Thus are drafted a whole class of "handmaids," whose function is to bear the children of the elite, to be fecund or else (else being certain death, sent out to be toxic-waste removers on outlying islands). The narrative frame for Atwood's dystopian vision is the hopeless private testimony of one of these surrogate mothers, Offred ("of" plus the name of her male protector). Lying cradled by the body of the barren wife, being meanwhile serviced by the husband, Offred's "ceremony" must be successful—if she does not want to join the ranks of the other disappeared (which include her mother, her husband—dead—and small daughter, all taken away during the years of revolt).

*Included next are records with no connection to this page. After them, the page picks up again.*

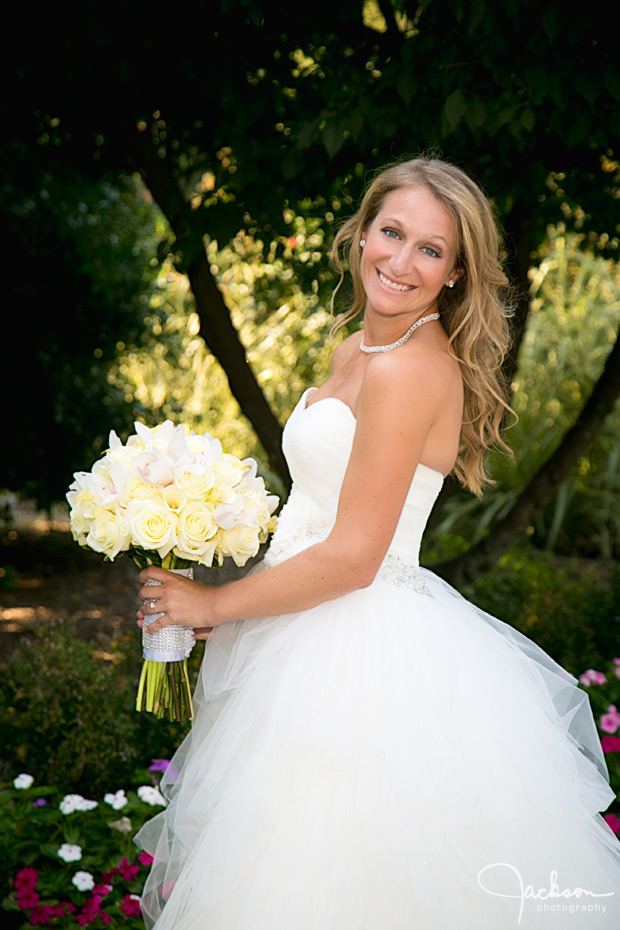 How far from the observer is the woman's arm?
1.94 metres

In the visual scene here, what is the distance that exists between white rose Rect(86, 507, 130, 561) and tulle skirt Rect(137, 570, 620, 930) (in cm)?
38

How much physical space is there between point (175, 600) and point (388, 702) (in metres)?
0.56

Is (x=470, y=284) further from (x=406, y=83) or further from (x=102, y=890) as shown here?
(x=102, y=890)

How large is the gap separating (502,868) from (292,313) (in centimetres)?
664

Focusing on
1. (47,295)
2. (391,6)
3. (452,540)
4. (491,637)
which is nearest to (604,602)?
(452,540)

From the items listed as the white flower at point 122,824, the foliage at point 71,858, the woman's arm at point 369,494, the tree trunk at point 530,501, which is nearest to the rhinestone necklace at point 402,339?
the woman's arm at point 369,494

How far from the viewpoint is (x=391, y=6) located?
3240mm

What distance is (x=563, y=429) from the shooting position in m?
7.16

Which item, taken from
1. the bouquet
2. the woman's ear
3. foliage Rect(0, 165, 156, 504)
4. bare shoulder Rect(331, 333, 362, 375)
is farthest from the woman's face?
foliage Rect(0, 165, 156, 504)

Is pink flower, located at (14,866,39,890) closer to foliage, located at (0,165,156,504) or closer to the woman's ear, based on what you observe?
the woman's ear

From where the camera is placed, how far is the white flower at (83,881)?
106 inches

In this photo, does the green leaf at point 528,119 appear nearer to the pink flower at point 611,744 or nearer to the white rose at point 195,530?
the white rose at point 195,530

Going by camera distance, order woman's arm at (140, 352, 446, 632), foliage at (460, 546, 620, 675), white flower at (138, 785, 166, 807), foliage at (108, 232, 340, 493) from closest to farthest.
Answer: woman's arm at (140, 352, 446, 632)
white flower at (138, 785, 166, 807)
foliage at (460, 546, 620, 675)
foliage at (108, 232, 340, 493)

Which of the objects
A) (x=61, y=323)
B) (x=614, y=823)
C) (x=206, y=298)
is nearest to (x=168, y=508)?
(x=614, y=823) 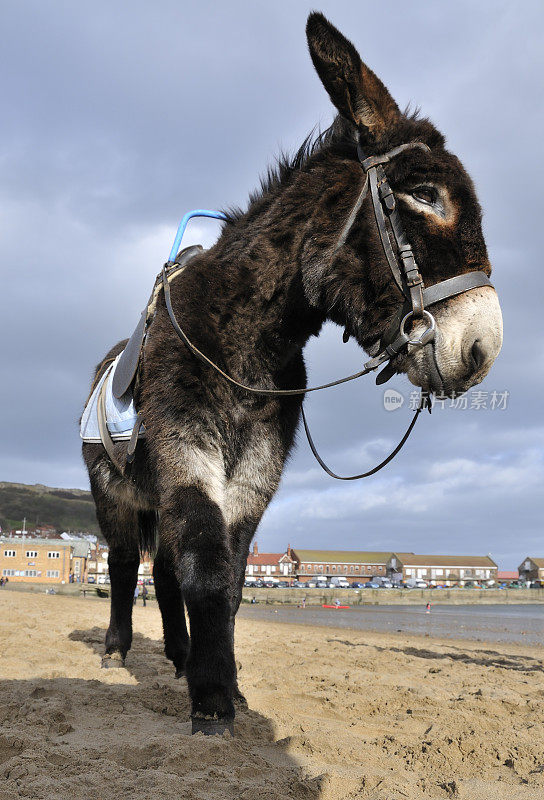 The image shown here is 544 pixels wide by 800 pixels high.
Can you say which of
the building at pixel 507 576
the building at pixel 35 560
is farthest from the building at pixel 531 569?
the building at pixel 35 560

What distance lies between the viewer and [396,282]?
3.13 m

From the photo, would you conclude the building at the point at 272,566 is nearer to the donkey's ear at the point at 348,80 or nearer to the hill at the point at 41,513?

One Of her only human conduits is a gradually developing affair with her master's chauffeur—something that's balanced more than offset, though, by the master's hypocritically un-Puritan use of her as a kind of B-girl at private parties held by the ruling men in a spirit of nostalgia and lust. This latter relationship, edging into real need (the master's), is very effectively done; it highlights the handmaid's (read Everywoman's) eternal exploitation, profane or sacred ("We are two-legged wombs, that's all: sacred vessels, ambulatory chalices"). Atwood, to her credit, creates a chillingly specific, imaginable night-mare. The book is short on characterization—this is Atwood, never a warm writer, at her steeliest—and long on cynicism—it's got none of the human credibility of a work such as Walker Percy's Love In The Ruins. But the scariness is visceral, a world that's like a dangerous and even fatal grid, an electrified fence.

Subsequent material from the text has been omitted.